A limitation of this cross-sectional study is the inability to assess causal relationships. In addition, single-reporter and item assessment of developmental and psychiatric symptoms is not ideal, but related to the challenges of collecting a nationally representative sample. The finding that mental health concerns are integrally related to adversity disparities in ASD, as they are in youth without ASD (Edwards et al. 2003), is nonetheless meaningful. Consistent with our findings, research utilizing diagnostic interviews suggests that the majority of youth with ASD meet criteria for one or more mental health conditions (Simonoff et al. 2008). These co-occurring conditions are associated with additional impairment and poorer health outcomes in ASD, making them important prevention and intervention targets (Ahmedani and Hock 2012; Van Steensel et al. 2012; Kerns et al. 2015a).
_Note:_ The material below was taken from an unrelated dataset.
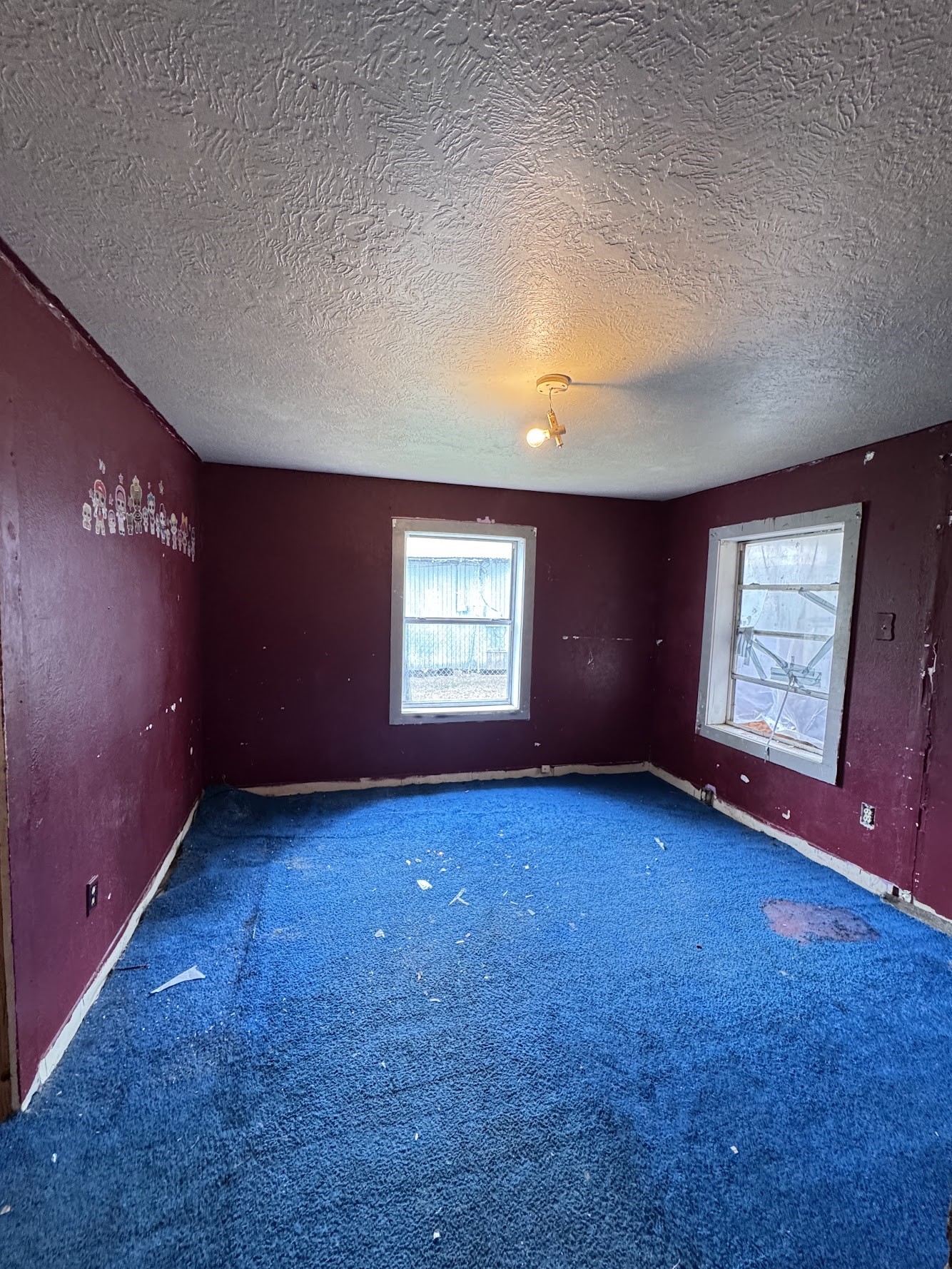 916 Lamar Street Cleveland, TX 77327 - Photo 14 of 18 an empty room with windows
In keeping with this thinking, our findings suggest that financial and emotional stressors associated with caring for a child with ASD may be as related to the mood and behavioral difficulties of that child as their ASD.
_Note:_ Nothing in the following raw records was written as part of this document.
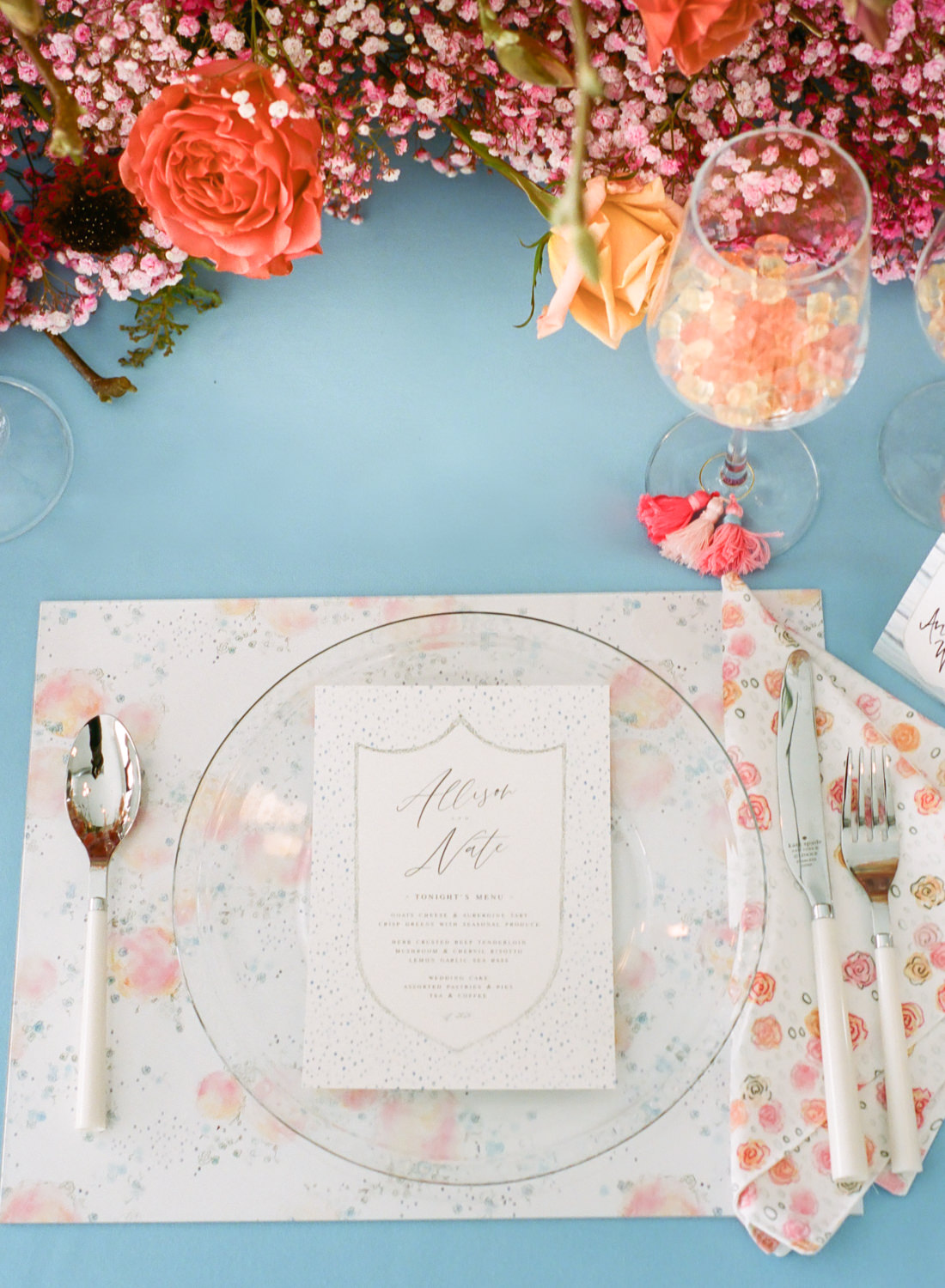 Whimsical coral flower napkins and reception menu by Lo in London, St. Louis film wedding photographer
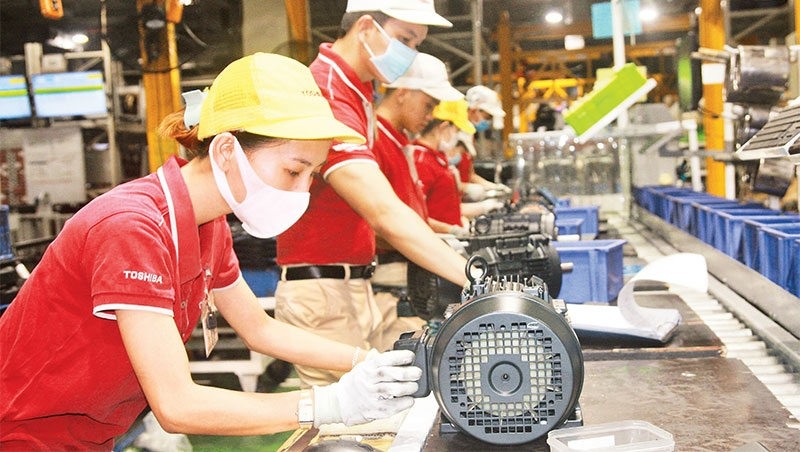 The manufacturing of electric motors at Toshiba Industrial Products Asia Co., Ltd at Amata Industrial Park in Dong Nai province. (Photo: THIEN VUONG)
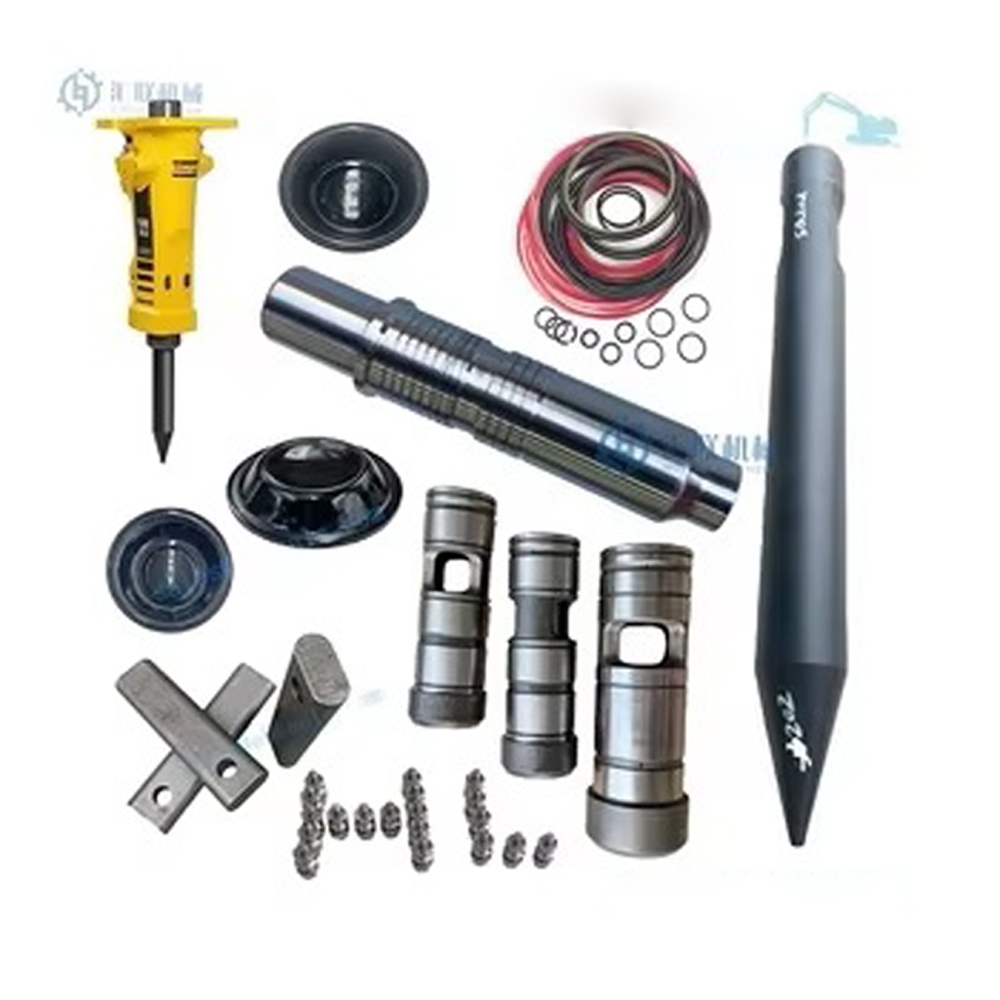 Assorted parts for a hydraulic breaker, including the breaker itself, piston, cylinder, seals, and other small components.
However, our findings may also support the possibility that childhood adversity contributes to the high rate of mental health issues experienced by individuals with ASD (Kerns et al. 2015b; Adams et al. 2014). Shared genetic/biological pathways likely contribute to psychiatric comorbidity in ASD (White et al. 2014), yet ACEs may also play an important role as known contributors to emotional dysregulation (a potential precipitant of psychiatric co-occurrence in ASD; White et al. 2014; Mazefsky et al. 2013) and psychiatric symptoms (Edwards et al. 2003). It is likely that the association of mental health concerns and ACEs in ASD is bidirectional, with more psychopathology increasing vulnerability to adversity and vice versa. These findings point to an important connection between mental health conditions and adversities in children with ASD that may shape their overall health and life trajectory (Kerns et al. 2015b). Future research should evaluate how improved understanding, screening, prevention and treatment of these issues, including the under-studied phenomena of adversity and trauma (Kerns et al. 2015b; Hoover 2015), might reduce not only individual and family impairment, but also the societal impact of ASD.